A Comic of Media Headlines: ‘Home #1’ Advance Review

Writer: Julio Anta / Artist: Anna Wieszczyk / Image

Don’t stop me even if you’ve heard this one before, but I just read a comic that examines the ramifications of a migrant having superpowers. It’s a sentiment that has oft been repeated in the media, none more iconic that Superman himself. That being said, that premise certainly takes on a very different light and context in 2021, especially given the context of the last half decade. Home is Julio Anta’s attempt to paint an accurate picture of the world, while also allowing for just enough escapism to be optimistic.
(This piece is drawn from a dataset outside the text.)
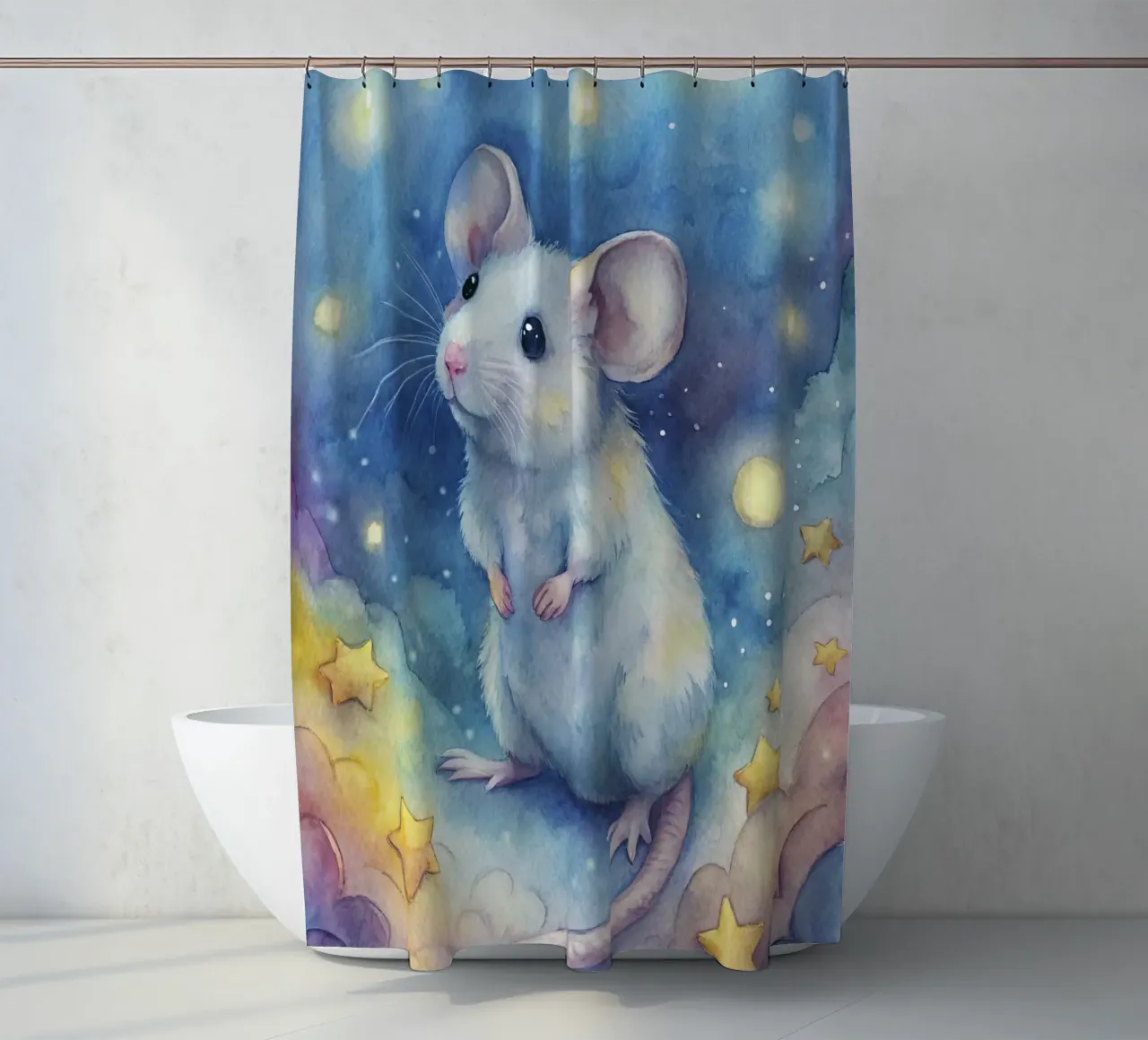 Topo in acquerello tenda da doccia da 🎁 ARTVI-SHOP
For the vast majority of Home, it is a very grounded and unfortunately very familiar depiction of news headlines we became accustomed to. Families put in cages and kids separated from their parents. And Anta’s narration alongside Wieszczyk’s artwork paint a very heart-wrenching picture. It a goddamn near dystopian book that hurts all that much more due to the fact that a lot of the text is essentially ripped from the headlines. Anta’s juxtaposed the politically laden rhetoric alongside Mercedes and Juan Gomez sympathetically just struggling to survive the hard travel conditions.
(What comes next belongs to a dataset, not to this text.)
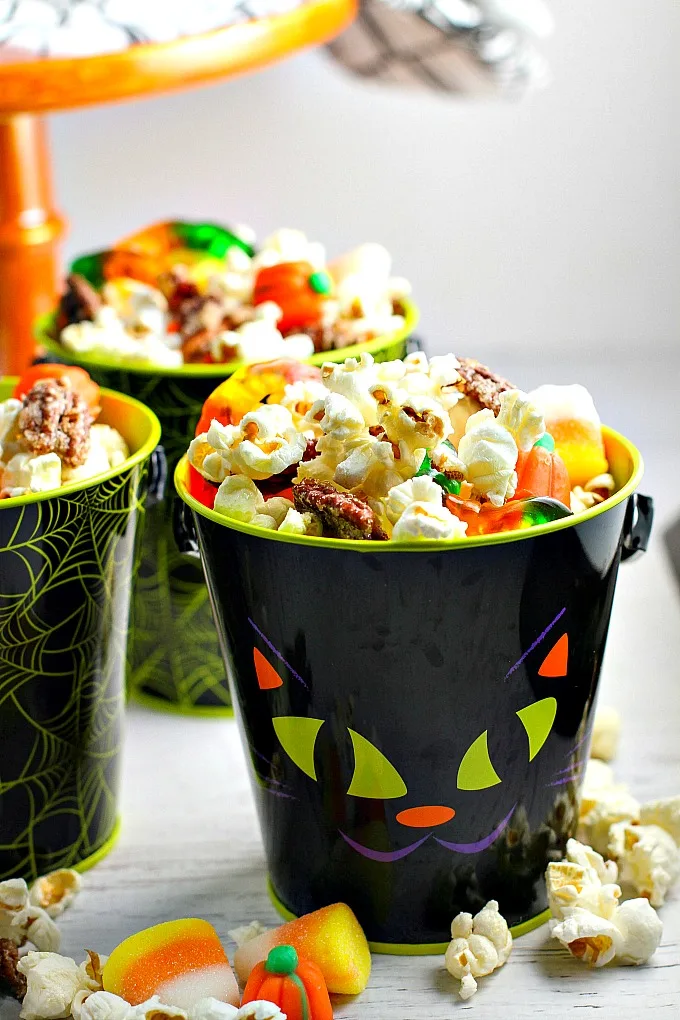  Monster Munch Popcorn Snack Mix is a fun Halloween snack for both kids and adults. Plus, the popcorn mix is easily customizable for any holiday theme!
Wieszczyk draws these characters with such care and kindness and manages to very effectively convey the poor conditions the duo endured. They really help bring Anta’s allegory to life and make for a compelling story even before the fantastical elements.

We don’t get the inklings of the book’s superhero until the very end of the issue, which is fair given the limited series’ five issue run time. But you very much feel drawn into the story, and the added wrinkle in the last act will definitely hook you.
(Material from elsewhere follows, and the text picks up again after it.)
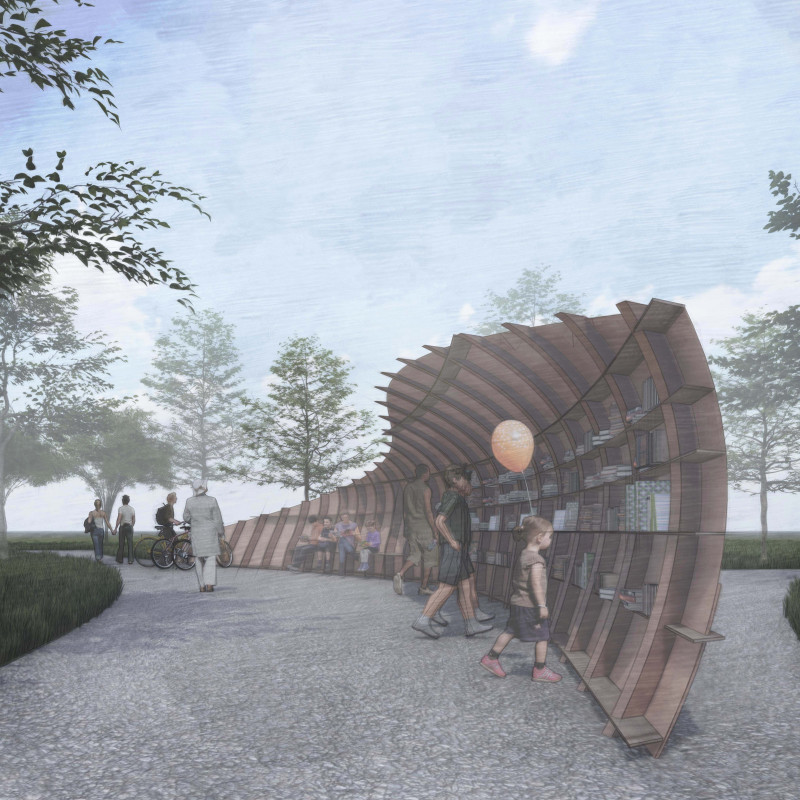 Curved Timber Shell Housing Community Reading Spaces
Home very much feels like a specific byproduct of the last few years. It is a comic that captures a very horrific part of modern history and does so with intent. Juan is another entry into a pantheon of asylum seekers with superpowers, and the fact remains that even though his story is just starting, we see the recurring trends of othering, of needing to be more, of just desperately wanting sanctuary, and being denied it. It’s a solid start, and I’m interested in seeing how it approaches both the human and superhuman aspects of the narrative.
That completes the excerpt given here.